J’entends ici et là : « Ouin, ouin, Evil Dead Burn est un bide, ça ne marche pas, c’est aux antipodes de Rise. » Cassons tout de suite le mythe : non, Evil Dead Burn de Sébastien Vaniček n’est pas un succès stratosphérique, mais on est également loin du fiasco.
On va découper méthodiquement tout ça en essayant de questionner la rentabilité, mais aussi l’empreinte que le film a générée dans l’écosystème des Evil Dead.
Evil Dead Burn est loin des chiffres de Rise, mais loin du fiasco

En termes d’entrées simples : le film génère, à ce jour, 71 millions de dollars de recettes mondiales pour environ 20 millions de budget. L’impact financier est faible, le rendement plutôt sécurisé. On est également autour des 250 000 entrées françaises en ce 12 août 2026 et le film atteint doucement sa fin d’exploitation.
En comparaison, Evil Dead Rise, en 2023, c’est 147 millions de dollars de recettes internationales, dont 610 000 entrées en France. Pour sûr, si on compare Rise et Burn, le second cité est une déception, mais il bénéficie de circonstances atténuantes, voire d’autres éléments qui montrent que c’est plutôt pas mal comme score malgré tout. Rise, déjà, a bénéficié d’un fait de taille qui a propulsé le film sur le devant de la scène : dix ans se sont écoulés entre la proposition de Fede Álvarez, en 2013, et celle-ci, en 2023, sans aucune autre itération d’Evil Dead.

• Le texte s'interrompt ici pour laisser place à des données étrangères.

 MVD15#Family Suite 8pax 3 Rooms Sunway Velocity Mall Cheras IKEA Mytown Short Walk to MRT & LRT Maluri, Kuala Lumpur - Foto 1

Burn est arrivé seulement trois ans plus tard et va précéder le film Wrath de Francis Galluppi, prévu pour 2028. On est entrés dans une logique d’industrie où la saga chère à Sam Raimi et Bruce Campbell fonctionne à plein régime et permet à des cinéastes d’horreur en plein essor — Lee Cronin, Sébastien Vaniček, puis Francis Galluppi — de se faire les dents avec une machinerie un peu plus dense.
Burn n’avait donc plus l’effet de surprise de retrouver des Deadites sur grand écran. Pour autant, le succès critique est là : 71 % de bons avis sur Rotten Tomatoes, un bon 6,6 de moyenne sur SensCritique, 3,5 étoiles sur Allociné, 6,4/10 sur IMDb… C’est très bien reçu pour un film avec une empreinte française — réalisateur français, actrice centrale francophone, ADN typique de la réalisation de Vaniček déjà aperçu dans Vermines — quand on sait que les films hexagonaux peinent à séduire les voisins américains.
Quand on se lance dans une logique de franchise et que les films ne sont plus des stand-alone, on génère forcément une certaine fatigue, moins d’entrain. En ce sens, Wrath risque d’encore moins performer que Burn.
Une rentabilité à relativiser, mais encore plusieurs revenus à venir

En tout cas, si on part des 71 millions de dollars de recettes et qu’on applique un pourcentage de 50 à 60 % du box-office domestique dans les poches de Warner, contre environ 40 % à l’international, le studio aurait récupéré entre 31,7 et 34,9 millions de dollars sur l’exploitation en salles, soit une somme supérieure au budget de production annoncé.
Sachant qu’il reste deux détails à garder en tête : Sony a également financé le film et il reste le marketing, les copies, la distribution, les participations, les intérêts, les frais généraux, etc. Ce qui ne devrait pas être bien massif au vu de l’investissement initial.
Cela veut dire que Burn, surtout dans l’attente d’une prochaine arrivée en streaming sur HBO Max, vu qu’on est chez Warner, peut encore engranger des deniers, tout comme lors de son exploitation en DVD, Blu-ray, VOD et SVOD.
Donc, je vous en prie : arrêtez de casser du sucre sur Evil Dead Burn et soulignons plutôt l’audace et la trajectoire montante de Sébastien Vaniček, qui a livré un film moderne, singulier, ambitieux et personnel dans une très grosse machinerie hollywoodienne, avec ses qualités comme ses défauts.